The projection matrix is derived from rules of similar triangles as such:

Image 3
This system of equations can then be rewritten in matrix form using homogenous coordinates (keep in mind the division by Z comes from converting homogenous coordinates back to cartesian):
Image 4

The full matrix then becomes:

Image 5
However as the points lie coplanar on z = 0, the third column of the extrinsic matrix can be eliminated. And since the last row of the projection matrix is 0, the last row of the extrinsic matrix can be eliminated:
Image 6
This then produces a homography matrix, relating the 2 planes together such that (pixel space) = H * (world space):
Image 7
In order to find the values of [h11, …, h13], there are 9 unknowns and each set of correspondence only provides 2 constraints, so with 4 points we only have 8 constraints (shown later).
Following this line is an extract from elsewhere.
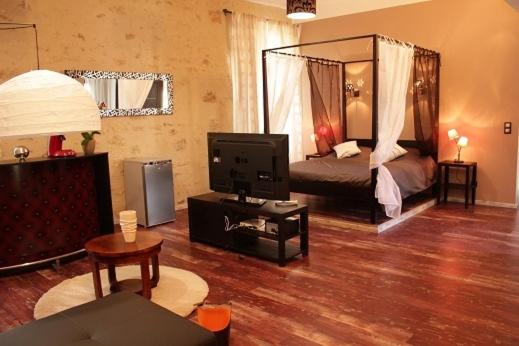 Penthouse Suite photo 3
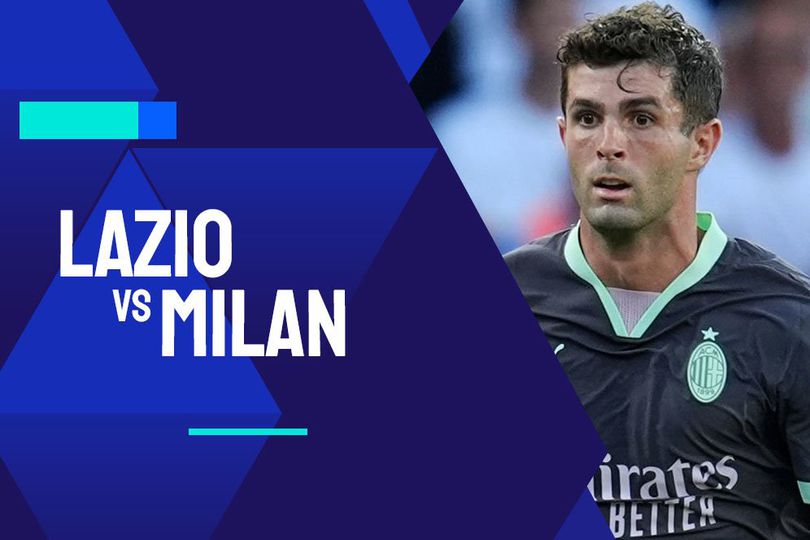 Prediksi Lazio vs AC Milan 1 September 2024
From my understanding, there is 2 ways to set the final constraint; either set h33 to 1, or impose the unit vector constraint on h such that it does not provide the trivial solution of h = 0.
Image 8
However, if h33 is actually 0, the first method does not work, hence the focus shall be on the second method. Multiplying out the homography matrix (expanding matrix multiplication from image 7, last row), we get the set of linear equations:
Image 9
Which can be represented in matrix form as:
Image 10
This can then be solved using SVD (singular value decomposition):
Image 11
Usually in numpy, the column of U (or known as Vt in other literatures) associated with the smallest eigenvalue in D would be the last column (index -1). Reshaping this column of 9 into a (3, 3) matrix then provides the homography matrix.

As we’ve established earlier, the conversion of world points to pixel coordinates involves multiplying the affine matrix, the projection matrix, and the extrinsic matrix. Typically, the intrinsic matrix K is considered to be a combination of the affine and projection matrix (hence the division of pixel size below). The following code is code I’ve written based off my understanding thus far.
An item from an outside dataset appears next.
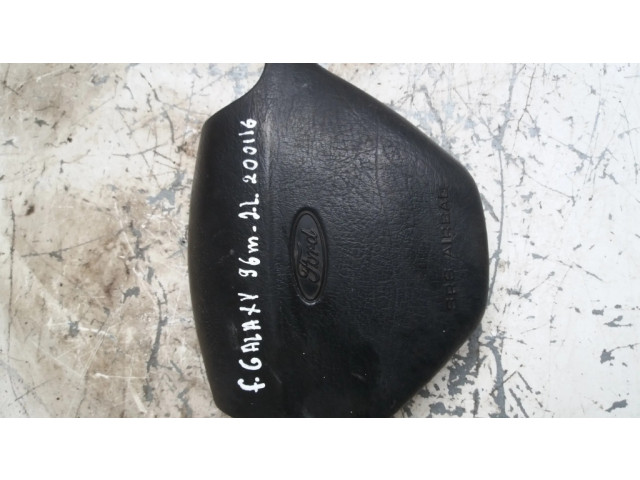 Подушка безопасности водителя 10109362660732   Ford Galaxy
def getCameraIntrinsicMatrix(focalLength, pixelSize, cx, cy): #parameters assumed to be passed in SI units (meters, pixels wherever applicable)
    fx = fy = focalLength / pixelSize #focal length in pixels assuming square pixels (fx = fy)
    intrinsicMatrix = np.array([[fx, 0, cx],
                                [0, fy, cy],
                                [0, 0, 1]])
    return intrinsicMatrix

given the focal length (typically mm - convert to m first), pixel size (typically um - convert to m first, and assumed to be square), the center of the image in pixels, the intrinsic matrix is then calculated as shown above.
We need to calculate the homography matrix as well (I’m assuming svd will be implemented in ulab by the time I figure out the rest of this).

def estimateHomography(pixelSpacePoints, worldSpacePoints):
    A = np.zeros((4 * 2, 9))
    for i in range(4): #construct matrix A as per system of linear equations
        X, Y = worldSpacePoints[i][:2] #only take first 2 values in case Z value was provided
        x, y = pixelSpacePoints[i]
        A[2 * i]     = [X, Y, 1, 0, 0, 0, -x * X, -x * Y, -x]
        A[2 * i + 1] = [0, 0, 0, X, Y, 1, -y * X, -y * Y, -y]

    U, S, Vt = np.linalg.svd(A)
    H = Vt[-1, :].reshape(3, 3)

    #verifying u = H*X - comment out if not required
    for pixelPoint, worldPoint in zip(pixelSpacePoints, worldSpacePoints):
        homogeneousWorldCoords = np.array(list(worldPoint) + [1])
        pixelHomogenous = np.matmul(H, homogeneousWorldCoords)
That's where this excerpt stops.